■ **About this exercise**: Pictures aside, every line of the listing should be given again exactly.

■ **Data block**:
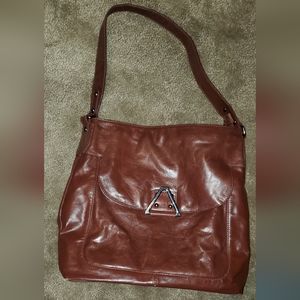 Victor bag shined brown leather feel, very nice. Aprox 12 x 13
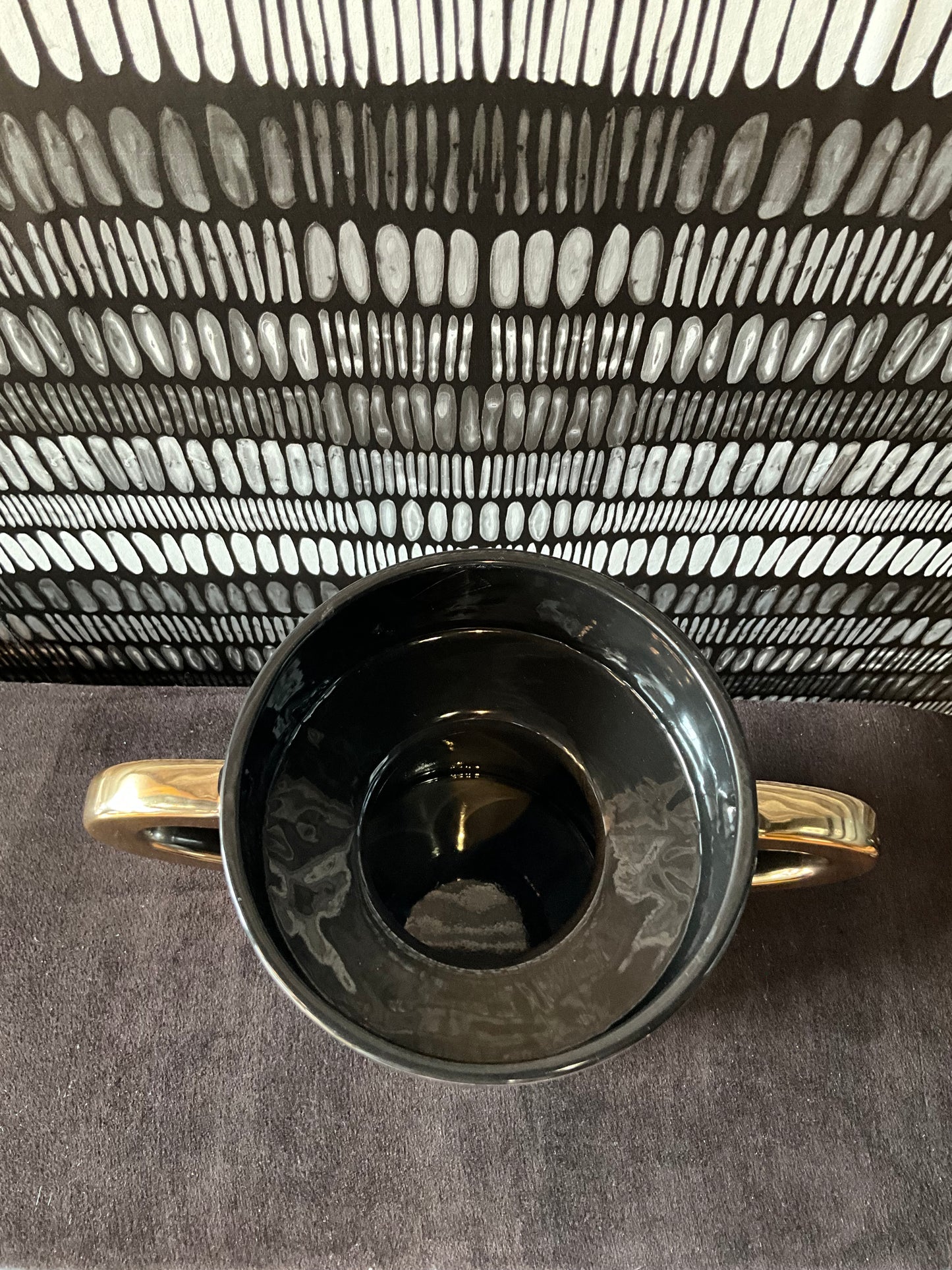 Black and gold ceramic vase by The Vault Creative featuring elegant design and a glossy finish.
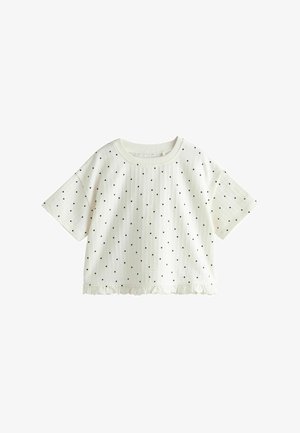 Hvid kortærmet cropped top med sorte polkaprikker og en flæsekant.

■ **Answer**:
 Victor bag shined brown leather feel, very nice. Aprox 12 x 13
 Black and gold ceramic vase by The Vault Creative featuring elegant design and a glossy finish.
 Hvid kortærmet cropped top med sorte polkaprikker og en flæsekant.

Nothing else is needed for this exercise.